▸ Task input
▬▬▬▬▬▬▬▬▬▬

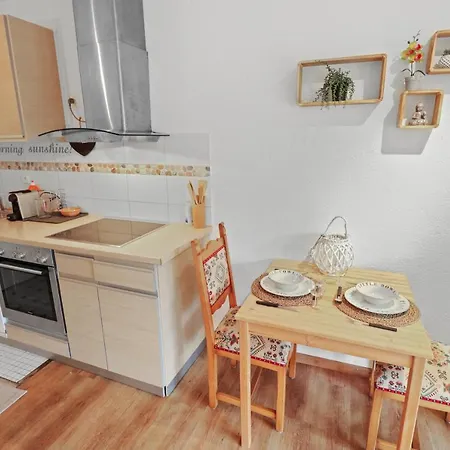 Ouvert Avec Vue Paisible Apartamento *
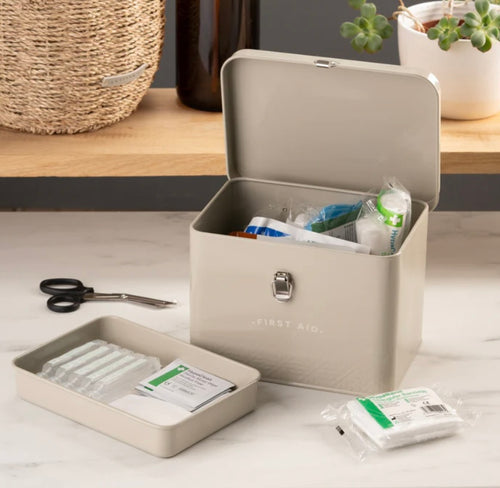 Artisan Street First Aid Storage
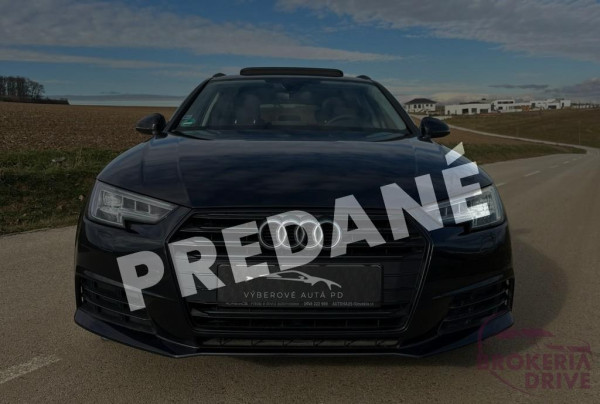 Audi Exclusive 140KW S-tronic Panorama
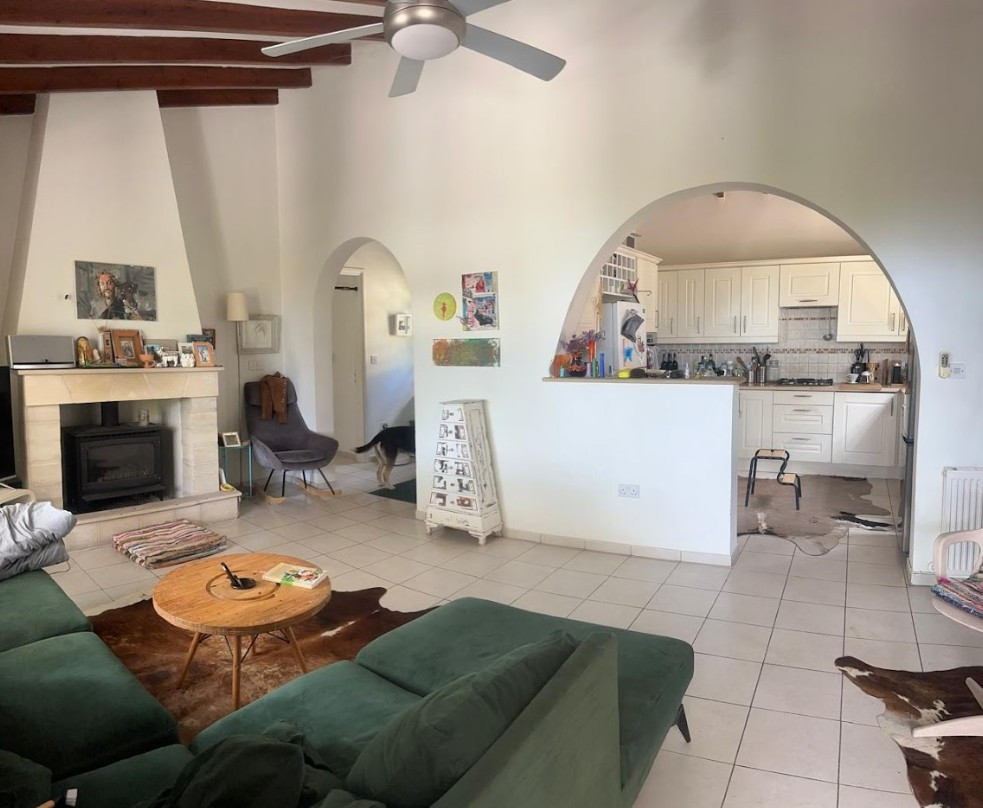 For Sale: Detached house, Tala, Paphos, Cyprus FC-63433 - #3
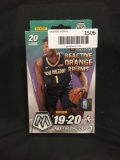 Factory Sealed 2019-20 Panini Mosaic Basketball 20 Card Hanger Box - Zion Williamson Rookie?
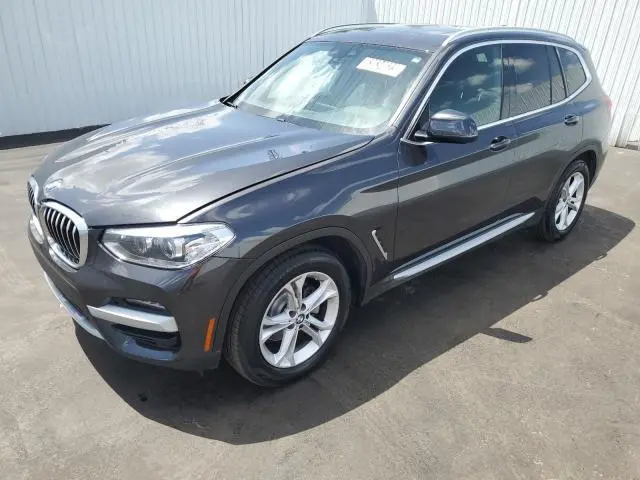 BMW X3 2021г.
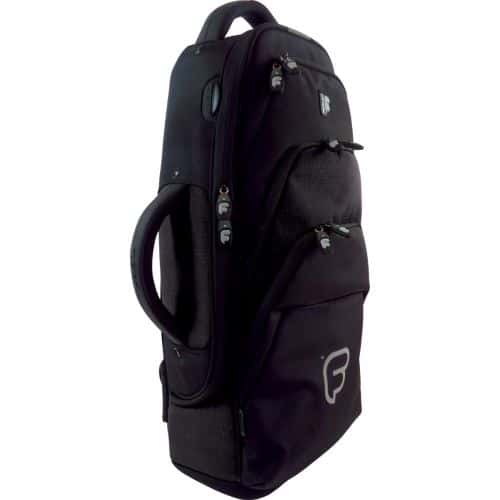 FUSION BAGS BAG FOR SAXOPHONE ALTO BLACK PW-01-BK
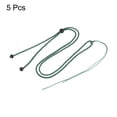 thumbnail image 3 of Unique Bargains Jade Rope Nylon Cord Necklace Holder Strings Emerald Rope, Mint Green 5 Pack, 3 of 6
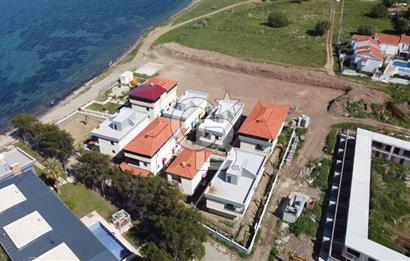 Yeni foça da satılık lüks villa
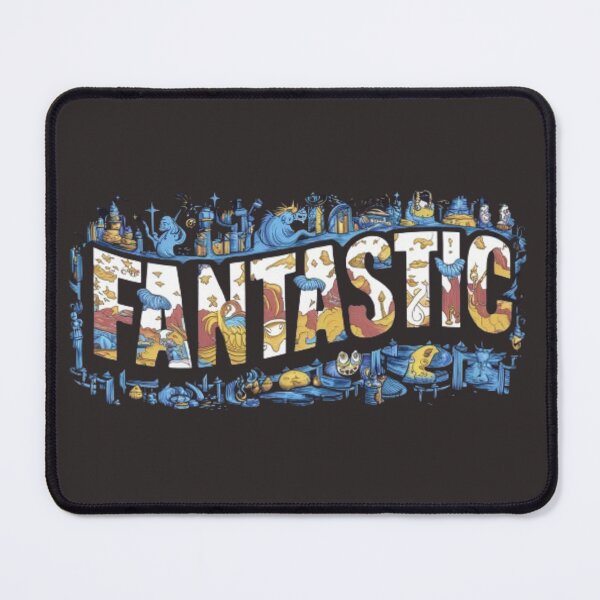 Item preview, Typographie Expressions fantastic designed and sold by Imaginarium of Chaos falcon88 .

▬▬▬▬▬▬▬▬▬▬

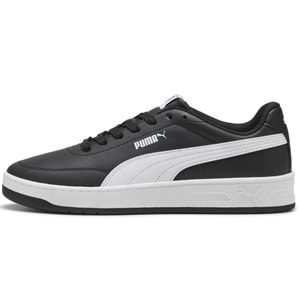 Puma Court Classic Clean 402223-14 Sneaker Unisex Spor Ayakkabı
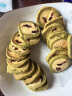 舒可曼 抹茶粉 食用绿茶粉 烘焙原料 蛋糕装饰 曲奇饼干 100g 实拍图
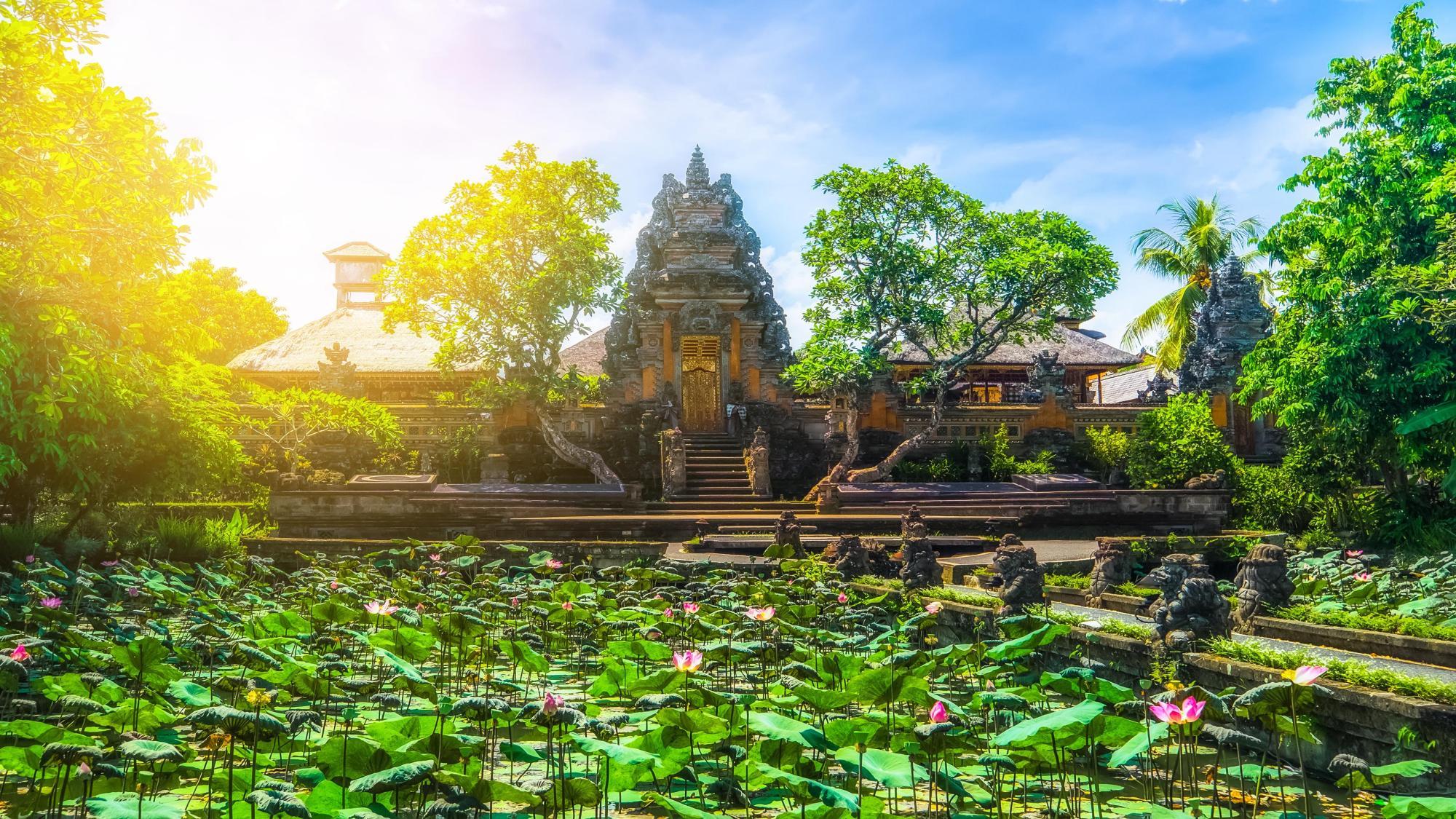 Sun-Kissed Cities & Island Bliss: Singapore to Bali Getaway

▬▬▬▬▬▬▬▬▬▬

▸ Aim of the task
Your answer should be the lines above, word for word, from the line with "BMW X3 2021г." through the line with "Item preview, Typographie", minus the pictures.

▸ Result of this exercise
 BMW X3 2021г.
 FUSION BAGS BAG FOR SAXOPHONE ALTO BLACK PW-01-BK
 thumbnail image 3 of Unique Bargains Jade Rope Nylon Cord Necklace Holder Strings Emerald Rope, Mint Green 5 Pack, 3 of 6
 Yeni foça da satılık lüks villa
 Item preview, Typographie Expressions fantastic designed and sold by Imaginarium of Chaos falcon88 .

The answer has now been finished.